Hello, friends, and welcome back. I’m the Rev. Sare Liz Anuszkiewicz and this is the Sunday Sermon. If you’re looking for the bits of the bible I’ve referenced in this sermon, you can find the link right here. For the nerds in the know, this is Proper 28, Track 2, Year C, and here’s the sermon I preached on Sunday, November 13, 2022.
Listen to the audio-only version of the sermon here, or read it below!
Good Morning! As I was studying the readings this week, preparing this sermon, I was struck with the deep desire to preach five different sermons, each about 25 minutes long. And I’m not going to do that (you’re welcome), but that’s how much good stuff there is in the readings and the collect this week. So let me give you something of an overview instead.
So, this collect, one of the opening prayers I read at the beginning of the service, but one that changes every week, this collect is the theme of the readings (as it always is). And the collect, or prayer, encourages us to ‘read, mark, learn, and inwardly digest’ the bible. And I know how some of you feel about highlighting or writing in the margins of your bibles, but whether you highlight or not, I encourage you to think about this prayer, because it’s telling us we need to study scripture so that we can understand it in a deep way. And there are lots of ways to study scripture, and in our readings today, there are two opposite ways that are very helpful, so let me walk you through them.
The first way I want to highlight (and there are more than just two, but there’s only so much I can fit into a short sermon) is this idea of really closely examining the text, almost as if with a magnifying glass. To pick apart the words, go back to the original languages, parse the meanings and see if the original language can give more context, more clues about how to best interpret the reading. And in this section of Second Thessalonians, we have a good moment for this. Now, Second Thessalonians wasn’t written by Paul, it was written by one of his students, or an admirer, but what we have here is a section of the bible that social conservatives have used as justification that we shouldn’t help the poor. Because if you’re just going to be idle, it says it in the bible that you shouldn’t be helped. You gotta work. Now, aside from the fact that it wasn’t Jesus who said that, and it wasn’t even a first or second generation student of Jesus who said that, it was at best a third generation student (and the theology just gets sketchier and harsher the farther out you go from Jesus), aside from that… the original Greek word that gets translated into idle and idleness here… it also means a state of being that ignores the common good. And when we read this passage using that deeper, more complex meaning instead of the quick and short translation of ‘idleness’, we get a different, deeper, and more nuanced message. Paul’s student is telling the people at the church of Thessolonica ‘don’t be fooled by people who care nothing for the common good – don’t listen to them, don’t let them teach or sway you, and don’t use them as an example for your own life.’ So. Digging in super deep, looking so very closely in this passage reminds us of two very important things. The most important thing in a healthy community is that it is filled with people who care about the common good. The second thing we’re reminded of is that it’s not a passage that is instructing us not to care for a certain group of people (the undeserving or idle poor, for instance). It’s a passage that is warning us not to let people in power who care nothing for the common good to teach and sway us to follow their example. So it’s not about giving to someone else, it’s about receiving and being changed by a bad influence. And we can understand that more clearly when we dig deep and look closely.

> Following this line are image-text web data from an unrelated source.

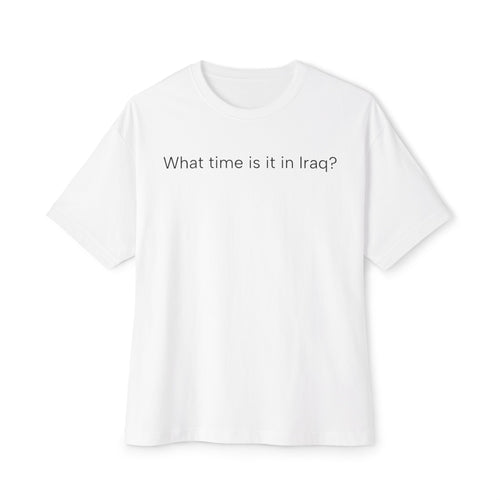 What time is it in iraq? - Tee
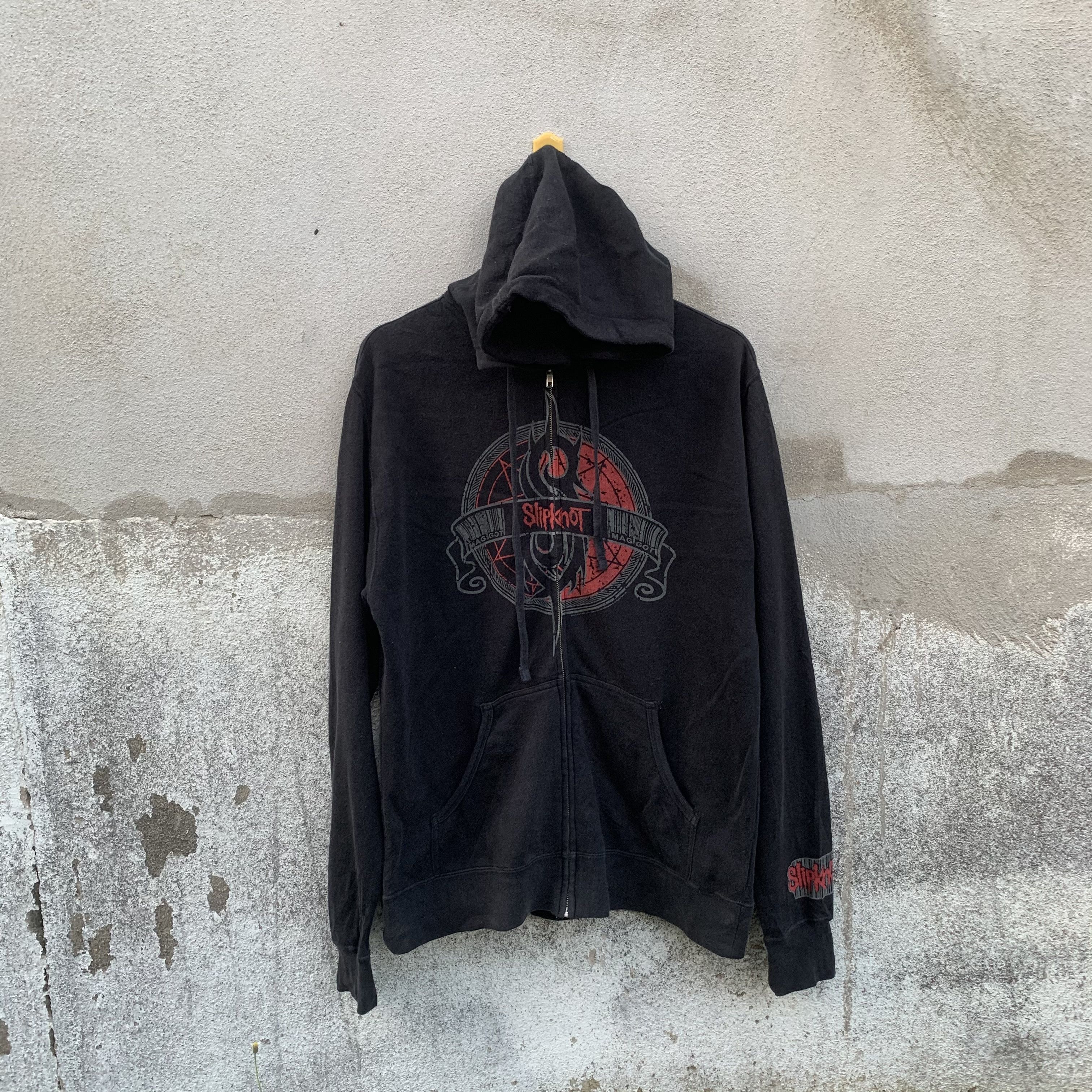 Band Tees Vintage Slipknot Metal Band Hooded Zip Ups Pullover Size US M / EU 48-50 / 2 - 1 Thumbnail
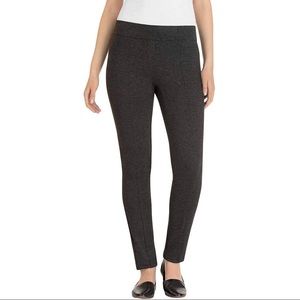 Hilary Radley Charcoal Ponte Pants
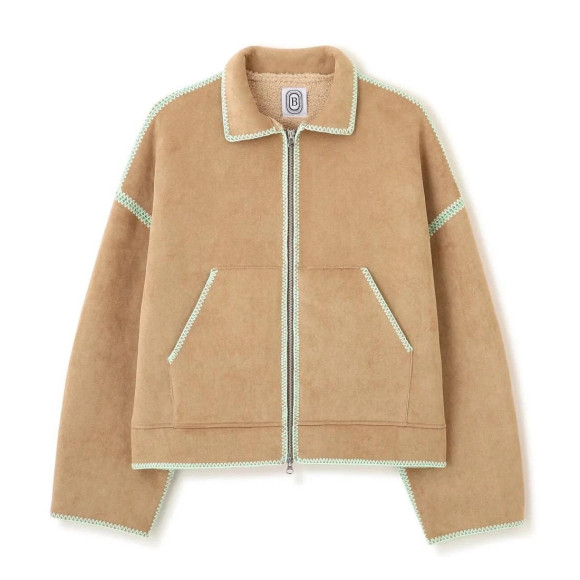 B omnivore/ビーオムニボー　FAKE MOUTON BLOUSON フェイクムートンブルゾン
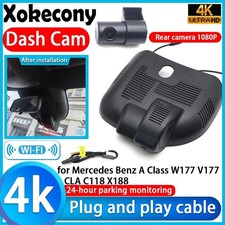 4K HD Wifi DVR Dash Cam Camera for Mercedes Benz A Class W177 V177 CLA C118 X188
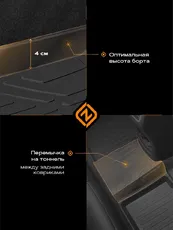Коврики в салон REZKON 0559020100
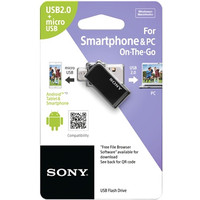 USB Flash Sony USB On-The-Go 32GB Black (USM32SA2B)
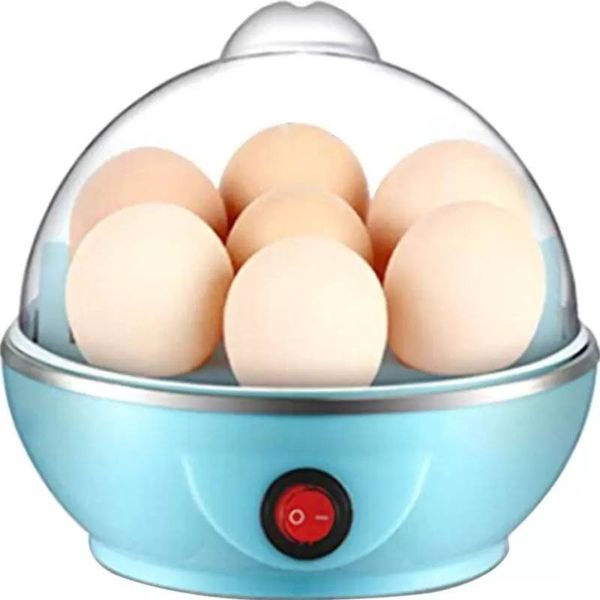 Electric Automatic Off Egg Boiler 7 Egg Poacher for Steaming, Cooking Also Boiling and Frying, Multi Color/Home Machine Egg Boiler/ Multicolor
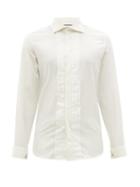 Gucci - Pintucked-placket Cotton-poplin Shirt - Mens - White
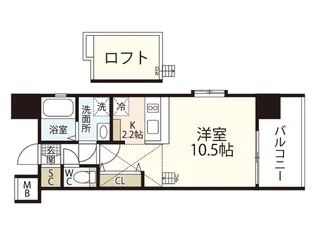 アイステージ十日市【6階】の間取り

Ah, but there’s another way to study scripture, and that is to back up at least ten feet away and squint. It’s like learning to appreciate a Monet, which you can’t do up close, because you’ll never realize what you’re even looking at, that it’s a beautiful garden, or a Japanese footbridge. It’s only when you back up and let your eyes glaze over that you can see all the impressionistic strokes coming together to form something heart-wrenchingly beautiful. And the reading from Luke this week is like that.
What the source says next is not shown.